Objective: The aim of our study was to determine relationship between echocardiography (Echo) left ventricular mass index (LVMI), composite endpoint data and white coat effect (WCE) level in treated patients with arterial hypertension (AH). Design and method: We nalysed database (treated AH patients (n = 125) with concomitant chronic diseases without exacerbation or in compensation stage). This study was prospective and included three visits every 3 months: 1 visit - screening, ambulatory blood pressure monitoring (ABPM) session, Echo; 2 - assessment of the patient’s status and the therapy effectiveness; 3- assessment of the patient’s status, ABPM session, Echo (the total number of ABPM was 239, Echo - 240). We assessed composite endpoint after 30.1 ± 7.6 months from the screening visit (the primary composite endpoint included death for any reason angina pectoris, transient ischemic attack, development of chronic heart failure, arterial revascularization, frequent ventricular extrasystoles, atrial fibrillation, secondary - deterioration of the cardiovascular diseases course and tertiary endpoint - deterioration of the arterial hypertension, concomitant diseases course).
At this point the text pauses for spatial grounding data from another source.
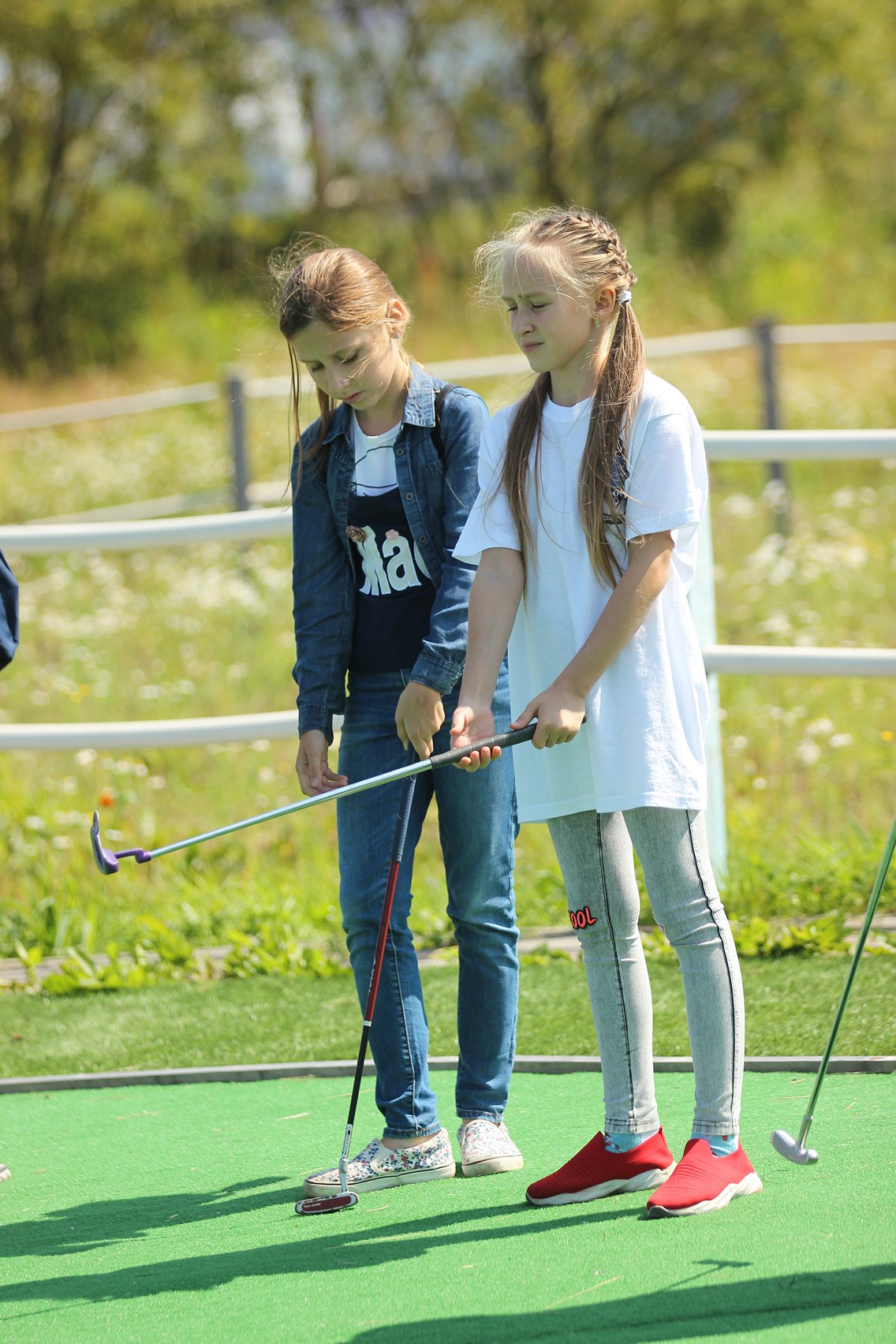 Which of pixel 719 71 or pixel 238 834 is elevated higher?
pixel 719 71

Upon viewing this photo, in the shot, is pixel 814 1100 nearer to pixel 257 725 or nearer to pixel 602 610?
pixel 602 610

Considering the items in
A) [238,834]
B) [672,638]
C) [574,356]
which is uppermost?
[574,356]

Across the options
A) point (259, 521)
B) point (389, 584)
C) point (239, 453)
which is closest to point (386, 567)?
point (389, 584)

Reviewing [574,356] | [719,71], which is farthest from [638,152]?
[574,356]

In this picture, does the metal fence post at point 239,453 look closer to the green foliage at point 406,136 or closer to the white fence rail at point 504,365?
the white fence rail at point 504,365

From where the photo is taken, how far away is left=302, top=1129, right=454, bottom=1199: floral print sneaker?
289 cm

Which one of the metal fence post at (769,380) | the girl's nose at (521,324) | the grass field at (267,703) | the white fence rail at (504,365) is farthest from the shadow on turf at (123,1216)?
the white fence rail at (504,365)

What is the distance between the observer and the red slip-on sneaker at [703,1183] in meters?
2.53

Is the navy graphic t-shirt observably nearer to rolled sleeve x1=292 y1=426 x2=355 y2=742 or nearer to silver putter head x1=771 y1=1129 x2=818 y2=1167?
rolled sleeve x1=292 y1=426 x2=355 y2=742

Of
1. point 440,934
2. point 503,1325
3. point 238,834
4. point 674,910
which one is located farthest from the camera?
point 238,834

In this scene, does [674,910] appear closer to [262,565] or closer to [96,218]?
[262,565]

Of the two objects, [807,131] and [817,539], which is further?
[807,131]

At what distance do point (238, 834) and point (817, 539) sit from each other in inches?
168

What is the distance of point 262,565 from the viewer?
836 centimetres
We used ANOVA for statistical analysis. Results: The baseline mean (M ± m) daytime systolic BP (SBP) was 125.1 ± 9.8 and diastolic (DBP) - 76.1 ± 7.0 mm Hg, age was 62.8 ± 9.0 years. We identified a positive correlation between tertiary composite endpoint data and WCE: for systolic WCE (SWCE) (F = 4.7, p < 0.031). We found correlations between WCE and Echo parameters: 1) SWCE level had with LVMI (r = 0.16, p < 0.017); 2) diastolic WCE (DWCE) had negative relationship with end-diastolic (EDD) and systolic (ESD) diameters (r = -0.181, p < 0.007 and r = -0.187, p < 0.005); with ejection fraction (EF) and posterior wall thicknesses (PWT) (r = -0.176, p < 0.008 and r = -0.142, p < 0.033). In addition, we have identified that age and duration of AH were associated with SWCE, height and body mass index (BMI) had negative correlations with DWCE (see table). Thus, SWCE level had positive correlation with tertiary composite endpoint results (F = 4.7, p < 0.031) and LVMI (r = 0.16, p < 0.017). DWCE level had negative relationships with Echo LV contractility indices (ESD, EDD, EF). Conclusions: Thus, only systolic WCE level had correlation with composite endpoint data and LVMI. DWCE level had negative associations with echocardiography LV contractility parameters.